Previously we oxidized a sulfide to a sulfone in the presence of a primary alcohol and a phosphonate diester using Oxone^R (this reaction is mentioned in a different thread).  The product was sufficiently pure that it did not require a silica column to purify.  We ran a second oxidation and were suprised to observe two products are apparent in the H-1 spectrum as well as by TLC.  My first thought was that we had incomplete oxidation, producing a mixture of sulfoxide and sulfone.  However, the P-31 NMR spectrum gave two peaks in the vicinity of 11 ppm, suggesting that both are sulfonyl phosphonates (a sulfoxide should be roughly 5 ppm downfield of a sulfone, and the starting material should be roughly 24-25 ppm).  One possibility is that we converted the alcohol to an aldehyde, but that seems unlikely.  We will attempt to capture and characterize both products next week (they separated reasonably well by TLC), and one of them should match what we made before.  Any guesses about the identity of the other product?   

[Corribus]

FTIR would be really helpful here.

[Babcock_Hall]

Good idea; we will look into it assuming that we are able to perform the separation successfully.  I think that it is unlikely that the phosphonate lost an ethyl group, because if it had, it might have gotten pulled into the aqueous layer during the extraction.  There are only three functional groups on the molecule, which is why I am scratching my head.

[rolnor]

Can the alcohol form a ring with the phosphonyl group? Trans-esterification/ringclosure?

[Babcock_Hall]

That is an interesting thought.  It would be a 7-membered ring.

[rolnor]

Thats less likely, a 5 or 6-membered ring would be a real possibility, I have done this type of chemistry on phophonatesters.

[Babcock_Hall]

Interim update:  We isolated two products by chromatography from the second synthesis.  Both are probably sulfonyl phosphonates on the basis of their P-31 chemical shifts.  One is close to the product of the first synthesis, but there is an extra signal in the H-1 NMR that has a chemical shift (2.07) and integral consistent with an acetyl methyl group, CH₃C(O)-.  The other product has two very broad, non-Lorentzian peaks (near 2.5 and 1.8 ppm), each of which integrate to 1H.  I don't recall seeing anything like this.  On the other hand, there is an indication that the (EtO)₂2P(O)CH₂- portion of the molecule is intact. 

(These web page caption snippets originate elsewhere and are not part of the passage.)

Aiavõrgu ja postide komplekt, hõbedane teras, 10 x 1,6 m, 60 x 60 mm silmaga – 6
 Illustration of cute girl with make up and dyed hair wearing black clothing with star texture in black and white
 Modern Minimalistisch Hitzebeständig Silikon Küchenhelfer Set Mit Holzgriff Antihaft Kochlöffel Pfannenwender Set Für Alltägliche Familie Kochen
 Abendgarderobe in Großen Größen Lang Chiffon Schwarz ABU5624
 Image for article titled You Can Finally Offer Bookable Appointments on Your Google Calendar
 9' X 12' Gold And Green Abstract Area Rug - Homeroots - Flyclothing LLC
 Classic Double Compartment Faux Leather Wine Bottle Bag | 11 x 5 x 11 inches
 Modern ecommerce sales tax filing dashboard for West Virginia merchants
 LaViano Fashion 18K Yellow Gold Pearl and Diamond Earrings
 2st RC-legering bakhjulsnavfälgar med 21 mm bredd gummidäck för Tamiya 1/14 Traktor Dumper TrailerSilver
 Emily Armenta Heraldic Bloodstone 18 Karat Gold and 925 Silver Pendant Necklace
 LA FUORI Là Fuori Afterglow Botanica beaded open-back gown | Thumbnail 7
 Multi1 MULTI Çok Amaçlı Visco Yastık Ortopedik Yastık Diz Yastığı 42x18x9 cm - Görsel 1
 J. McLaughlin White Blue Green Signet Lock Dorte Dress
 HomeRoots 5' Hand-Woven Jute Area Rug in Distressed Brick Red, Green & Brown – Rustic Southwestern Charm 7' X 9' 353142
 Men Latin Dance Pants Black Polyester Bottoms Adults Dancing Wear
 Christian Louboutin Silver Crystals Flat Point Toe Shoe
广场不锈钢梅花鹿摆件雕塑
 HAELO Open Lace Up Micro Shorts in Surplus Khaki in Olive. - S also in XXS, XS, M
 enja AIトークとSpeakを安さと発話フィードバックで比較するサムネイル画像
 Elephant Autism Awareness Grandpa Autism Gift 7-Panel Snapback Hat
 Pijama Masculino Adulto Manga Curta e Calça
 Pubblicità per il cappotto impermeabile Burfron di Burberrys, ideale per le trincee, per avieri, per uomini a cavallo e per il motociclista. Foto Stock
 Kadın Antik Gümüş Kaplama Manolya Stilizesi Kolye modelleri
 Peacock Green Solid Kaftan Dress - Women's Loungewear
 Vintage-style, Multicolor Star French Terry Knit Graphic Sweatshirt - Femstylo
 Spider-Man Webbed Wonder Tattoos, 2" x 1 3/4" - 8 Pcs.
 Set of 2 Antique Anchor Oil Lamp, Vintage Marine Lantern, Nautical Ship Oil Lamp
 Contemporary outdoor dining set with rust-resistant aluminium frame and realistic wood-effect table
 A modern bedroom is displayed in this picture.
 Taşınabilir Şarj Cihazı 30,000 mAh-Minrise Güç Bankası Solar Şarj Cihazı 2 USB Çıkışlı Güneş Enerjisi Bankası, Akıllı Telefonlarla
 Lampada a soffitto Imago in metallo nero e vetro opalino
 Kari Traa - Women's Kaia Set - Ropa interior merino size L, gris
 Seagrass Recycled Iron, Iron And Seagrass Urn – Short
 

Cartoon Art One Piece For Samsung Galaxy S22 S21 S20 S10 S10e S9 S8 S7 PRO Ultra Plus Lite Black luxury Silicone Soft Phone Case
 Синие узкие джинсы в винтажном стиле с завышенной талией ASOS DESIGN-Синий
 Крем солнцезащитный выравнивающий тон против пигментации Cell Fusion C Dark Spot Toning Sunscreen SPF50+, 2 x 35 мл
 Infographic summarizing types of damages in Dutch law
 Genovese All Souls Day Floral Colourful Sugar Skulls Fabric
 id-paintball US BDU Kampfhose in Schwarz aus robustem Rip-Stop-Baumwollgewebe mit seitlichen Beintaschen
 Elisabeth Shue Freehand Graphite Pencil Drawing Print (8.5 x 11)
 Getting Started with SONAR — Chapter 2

Time permitting, we plan to look into these questions further in the next few days with the following limitation.  If a compound is not our desired compound, its identity may help us learn how not to make it the next time we perform this synthesis; we will not pursue learning about its identity further than achieving this goal.

[Babcock_Hall]

After reexamining the H-1 data and looking at the carbon-13 data for pool A, I am convinced that pool A became acetylated on the hydroxyl group.  The only donor I can think of is ethyl acetate, which was used during extraction and the purification.  I do not have a detailed mechanistic rationale.  Another puzzling piece of information is that the reason for running a column on this batch was that we believed that two compounds were present in the crude product after oxidation.  Perhaps some of the crude product was activated in some way by Oxone^R, and somehow trans-esterification occurred.  The acetyl group could function as a protecting group in a subsequent synthesis.

I think that pool B, the later eluting fraction, is the product without an acetyl group, but there is a minor difference in the H-1 signal of the -CH₂OH.

[Babcock_Hall]

Just to follow up, the second synthesis sat longer than the first synthesis after the extraction.  I reexamined the first synthetic batch for signs of transesterification, which we made a few months ago.  I did see a small singlet at a similar chemical shift (2.04 ppm vs. 2.07 ppm in the second batch).  However, the signal at 2.04 ppm might arise from ethyl acetate that was not completely removed after the extraction.  Ideally, we would like to control whether or not transesterification occurs, but I am satisfied with simply having identified the two pools.